### DATASET EXTRACT

● ● ● ●

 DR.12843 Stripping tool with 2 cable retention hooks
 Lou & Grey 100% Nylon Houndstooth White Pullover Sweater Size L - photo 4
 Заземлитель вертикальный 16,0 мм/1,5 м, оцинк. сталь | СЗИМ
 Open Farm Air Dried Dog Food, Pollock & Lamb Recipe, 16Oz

● ● ● ●

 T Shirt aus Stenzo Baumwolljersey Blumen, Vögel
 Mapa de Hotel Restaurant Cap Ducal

● ● ● ●

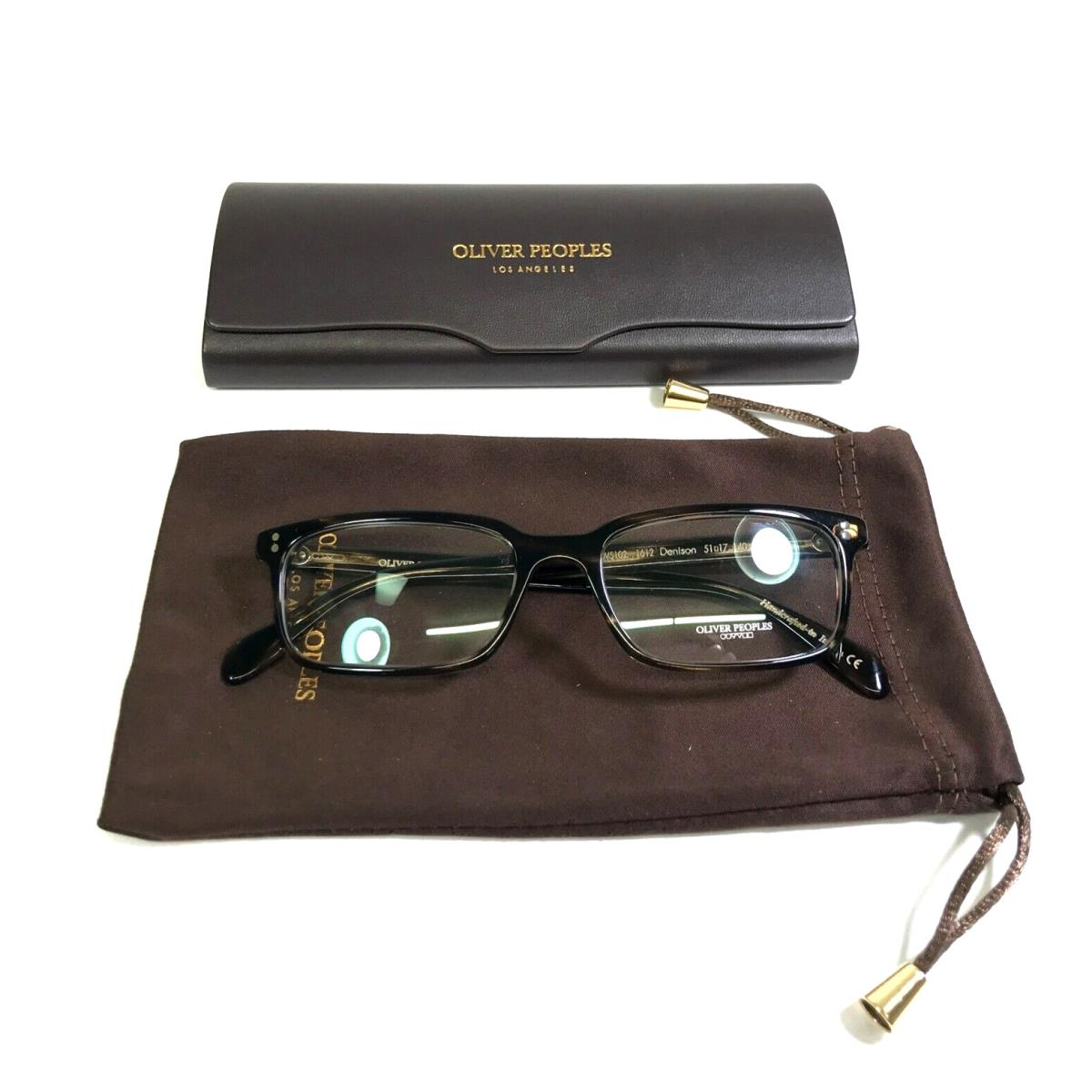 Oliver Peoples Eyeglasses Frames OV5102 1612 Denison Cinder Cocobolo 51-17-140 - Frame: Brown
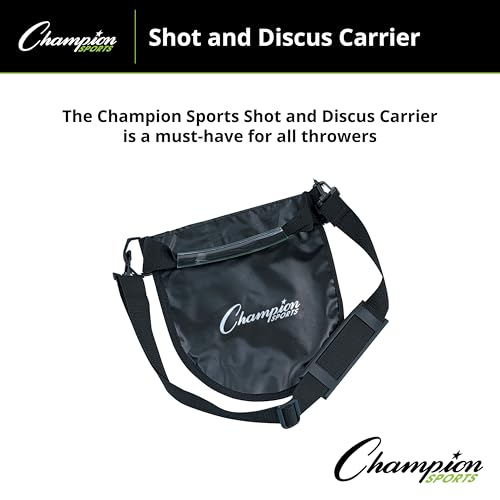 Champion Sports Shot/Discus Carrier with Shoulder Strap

● ● ● ●

### EXERCISE REQUIREMENTS
Only the lines from the one containing "Заземлитель вертикальный 16,0" through the one containing "Open Farm Air" are to be retyped, both boundary lines included, with no other material.

### WRITTEN SOLUTION
 Заземлитель вертикальный 16,0 мм/1,5 м, оцинк. сталь | СЗИМ
 Open Farm Air Dried Dog Food, Pollock & Lamb Recipe, 16Oz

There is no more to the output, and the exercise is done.